Joseph McDonald (1834-1921)
Joe and his wife were the first (known) to have a house in the area near the Queen Elizabeth Park, now right in the centre of Edmonton.
Joe was a son of Scotsman Donald McDonald and Metis Jeannette Beaudry
Donald McDonald (1779-?) came to Canada as employee of the HBC around the year 1800. He and Hugh Munro were sent inland by the HBC to live with the Blackfoot and investigate why more furs were not coming to the Company from that part of the countryside.
Years later, the HBC decided to build a fort directly in the Blackfoot/Peigan territory. John E. Harriot led the initiative. In 1832 Harriot, McDonald, Munro and two other legendary frontiersmen Colin Fraser and Jemmy Jock Bird built the Old Bow Fort, near present-day Morley, Alberta. This post, also called the Peigan Post, was in operation for just two years. The book The Old Bow Fort, by Douglas A. Hughes (Detselig, 2002) is a useful reference to this post. A sign along the Trans-Canada Highway 55 kms west of Calgary indicates the site of the old Peigan Post, now just a group of small piles of rocks.
About that time, in his early 50s, McDonald retired to the Red River Settlement, Manitoba.
Joe was born in the Red River Settlement (St. Andrews) a short time later.
Joe got a good education from a schoolteacher in Little Britain, Manitoba. Later said “I am indebted to the grounding he gave me for all I have subsequently been able to teach myself.”
"Joseph McDonald, Frontiersman", Edmonton Bulletin, Jan. 20, 1917.
This article is very good for info on his life, and his forebears, and the situation at Edmonton at time of his arrival (1863).
Joe was guide for Canadian exploring expedition led by J. Dawson and Hind in 1857.
1859 went with Lord of Southesk expedition to Banff, then by way of Jasper House to Edmonton, then back east to Fort Garry (Winnipeg) by way of Fort Pelly.
Edmonton at that time was a 30-year-old wooden trading post with a wooden palisade encircling it. Only a windmill and a few other structures were situated outside the fort. Tipis dotted the countryside nearby, and it is said that the tom-tom beat from all around provided rhythm to the day's chores during the days of early Edmonton.
Joe was a guide for the Palliser Expedition, 1857-1859 (Edmonton Trader, p. 245)
(Norman Barkwell, internet blogger on Metis history, does not list McDonald among Metis on the expedition. But he does not list everyone.)

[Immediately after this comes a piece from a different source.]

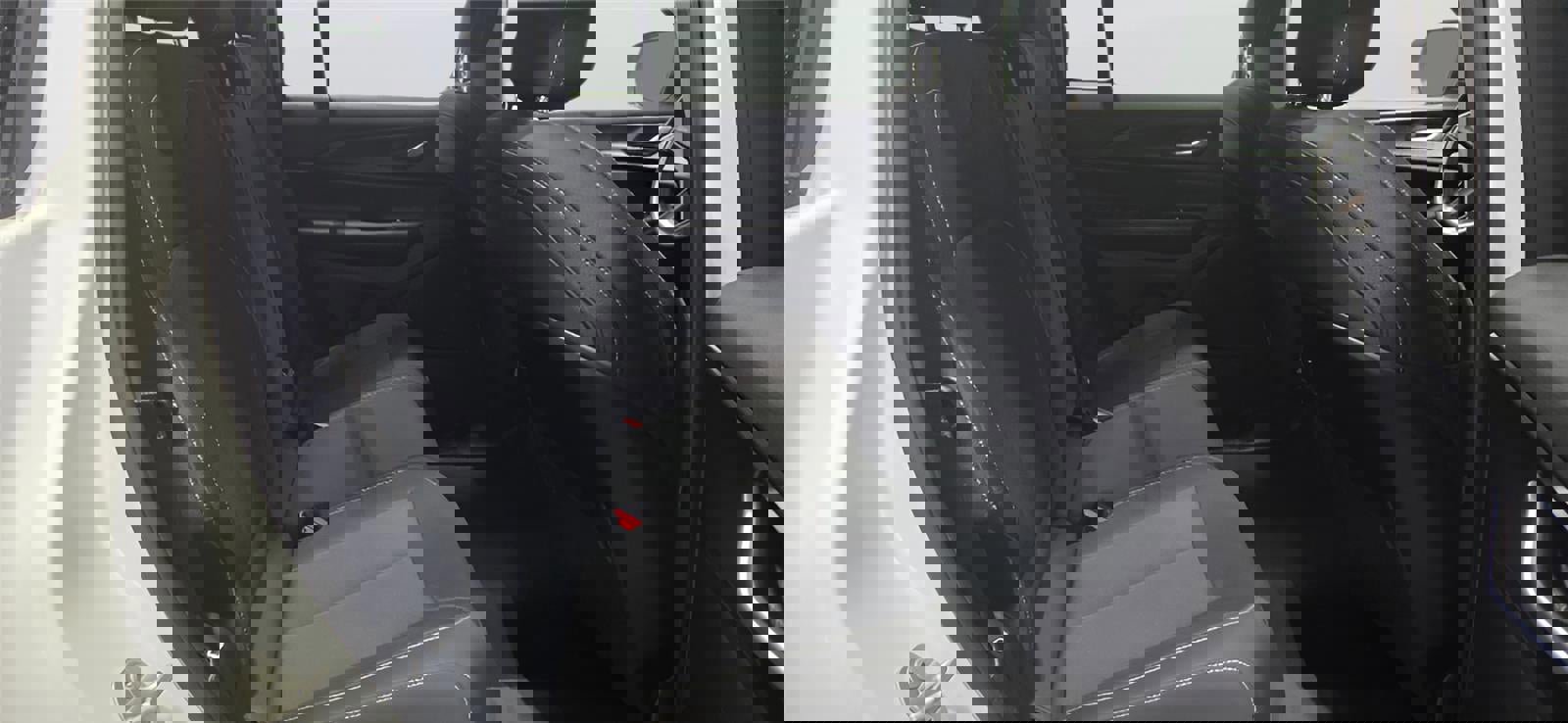 Used 2023 Jeep Grand Cherokee Laredo image 18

Joe guided and accompanied other wealthy hunter-adventurers. This included Lord Dunmore and other officers of the Scots Fusiliers, with whom he spent some time in Montreal.
1862-1864
Joe escorted Count Castiglione through western Canada. After accompanying the Count, McDonald crossed the Rockies again through the Crow's Nest Pass, and with Hugh Munro went to Little Red Deer River then to Edmonton where he wintered 1863-64. (Alberta History, Autumn 2013)
June 1864 travelled with Arctic traveller John Rae to Fraser River by way of the Yellowhead Pass, returning to Edmonton, then went by boat down to Red River.
Returned to Edmonton in 1865, to follow up on Doctor Hector's discovery of gold in the Saskatchewan Valley. He found buffalo numerous in the Saskatchewan Valley and thick between Vermilion and what is now Fort Saskatchewan. (Edmonton Bulletin, Jan. 20, 1917)
Skimming (panning) river sandbars for gold, they made $800. Joe used up his portion by prospecting unsuccessfully on the Athabasca River. He later recalled that his partner Murdoch McLennan employed his share better.
Employed by HBC, stationed at Lac St. Anne
Married Margaret (Marguerite) Fraser, daughter of Colin Fraser, famed bagpiper for the Company.
Left HBC in 1869.
Took up freighting between Fort Garry and Edmonton. driving horse-drawn cart or wagon to carrying freight. (Edmonton Bulletin, Jan. 20, 1917)
At this time the Prairies became part of Canada.
Joe was in Red River at the time of the Red River Rebellion (AKA the first Riel Rebellion or the North-West Resistance). He carried messages between the incoming lieutenant-governor McDougall to Governor McTavish.
taken captive by the rebels
endured rough handling. (Edmonton Bulletin, Jan. 20, 1917)
After his release, he commanded a company of volunteer soldiers to help put down the rebellion. (His earlier time spent with army officers in Montreal helped him in this position.) His troops were gathered from the Parish of St. Andrews, a district dominated by English "half-breeds" not supportive of Riel's Metis-based aspirations. They assembled with others at Kildonan.
(Later Joe encountered a former rebel at an isolated spot on the Carlton Trail and repaid with interest an injury he had sustained while Riel's prisoner.) (Edmonton Bullletin, Jan. 20, 1917))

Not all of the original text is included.